Comprising the majority were Circuit Judge Carlos Bea and District Court Judge Stanley Allen Bastian of the Eastern District of Washington, sitting by designation. Circuit Judge Johnnie B. Rawlinson dissented as to reinstating the contract and negligence claims, while agreeing that other causes of action were properly scuttled.
District Court Judge John A. Kronstadt of the Central District of California had dismissed the plaintiffs’ fraud claim and granted summary judgment to the bank on claims of breach of contract, negligence, and conversion.
Presumption Arises, Disappears
The majority recited that when a bailor loses property of a bailee, a rebuttable presumption of negligence arises, a proposition with which Rawlinson agreed. She also agreed with the majority that once Citibank presented evidence that it followed normal banking practices, that presumption vanished.
Where the majority and the dissenter parted company was on the question of whether the plaintiffs presented sufficient evidence as to give rise to triable issues of fact.

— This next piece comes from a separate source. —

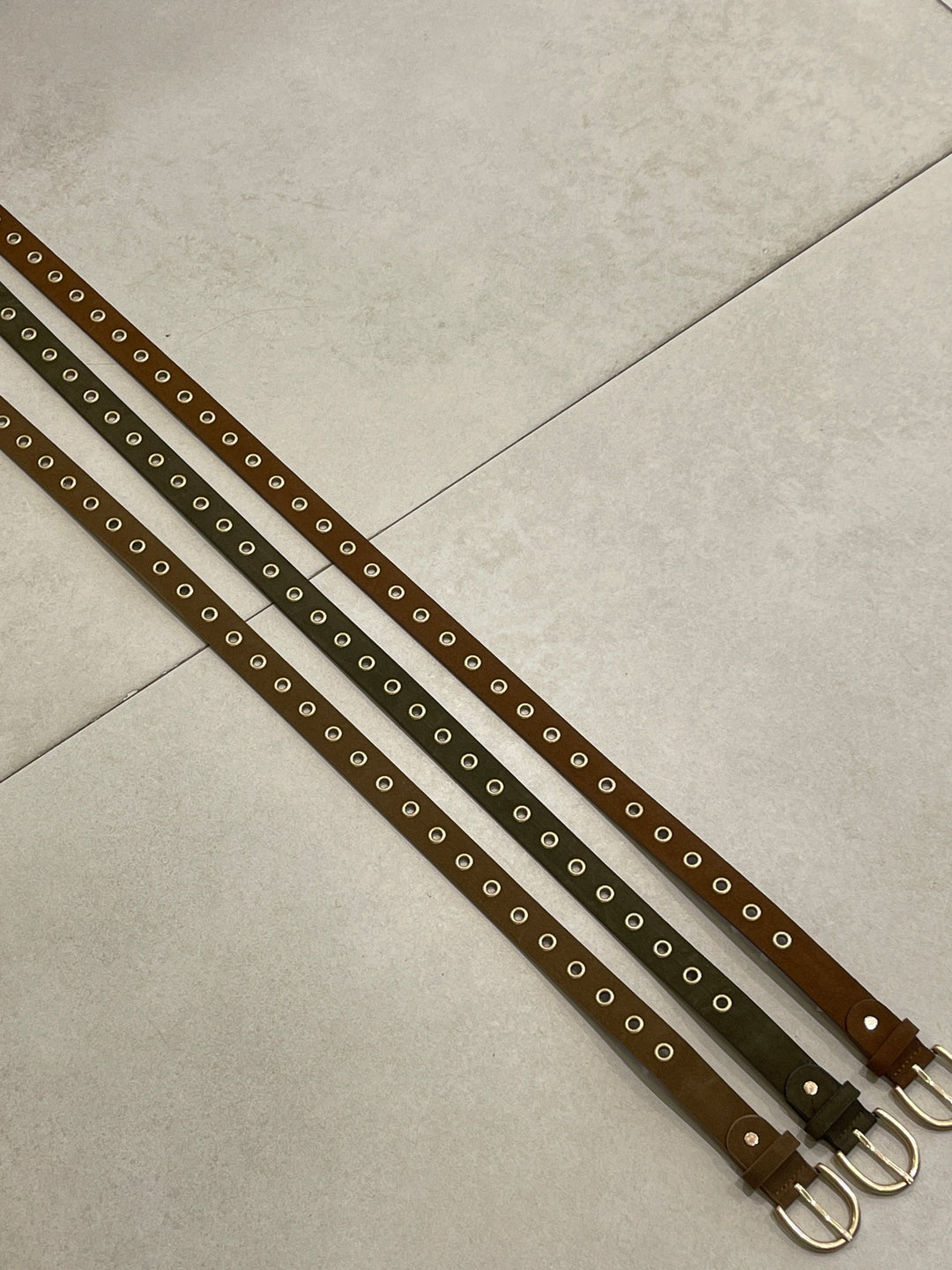 Ceinture effet daim clous fine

The majority said, in a memorandum opinion, that the plaintiffs showed that they placed valuable items in their boxes which “went missing” and that keys can be duplicated in various ways. The opinion recites that one plaintiff, Zhanna Weiss “ ‘vague[ly]’ recalls a bank employee leaving her key in the lock while she was in another room—thereby giving bank employees access to the key outside her presence, and (e) on one occasion Plaintiff Arsen Nalbandyan recalls briefly leaving his key with a bank employee while he chased after his young daughter.”
Sherlock Holmes Quoted
The opinion continues:
“Citibank admitted at oral argument that it would have been a breach of their policies for Citibank employees to have had access to Plaintiffs’ customer keys outside the presence of the customer. The question is thus whether Plaintiffs presented sufficient evidence to create a triable issue of fact as to Citibank’s breach, and whether such a breach caused Plaintiffs’ losses. The evidence adduced showed that the only ways to access a safe deposit box are (a) to pick the box’s locks, (b) to drill through the box’s locks, or (c) to use the customer key in conjunction with the bank’s master key to unlock the box. Plaintiffs presented evidence that their boxes were neither picked nor drilled. The process of elimination suggests that if the boxes were looted, they were looted by use of the customer keys (or duplicates thereof).”

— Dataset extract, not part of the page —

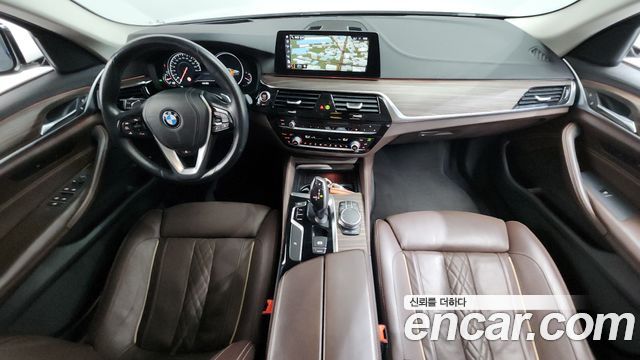 BMW 5-Series 2018 — photo 10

A footnote quoted Sir Arthur Conan Doyle’s Sherlock Holmes as observing that “[W]hen you have eliminated all which is impossible, then whatever remains, however improbable, must be the truth.”
The opinion adds:
“This inference—combined with the evidence that Citibank employees had access to Plaintiffs’ customer keys outside their presence, and the evidence regarding the ease with which customer keys can be duplicated—creates triable issues of material fact as to whether Citibank was negligent, and whether any such negligence was a substantial factor in causing the claimed losses. These are issues which should have gone to a jury.”
In her dissent, Rawlinson said:
“The most evidence the Plaintiffs could muster in their effort to defeat summary judgment was the following:
“1. Safe deposit box keys can be duplicated in a variety of ways;
“2. On one occasion Plaintiff Zhanna Weiss “vague[ly]” recalls a bank employee leaving her key in the lock while the Plaintiff was in another room;
“3. On one occasion Plaintiff Arsen Nalbandyan recalls briefly leaving his key with a bank employee while he chased after his young daughter….
“Notably absent from these assertions is whether the singular occasions referenced were anywhere near the time frame of the extended periods during which the valuables purportedly went missing, or that the referenced bank employees had any means of copying the keys during the two described instances. And importantly. Plaintiff Weiss self-described her recollection as ‘vague.’ This is precisely the type of evidence that has been rejected as too speculative.”
The case is Nalbandyan v. Citibank, NA, 17-55856.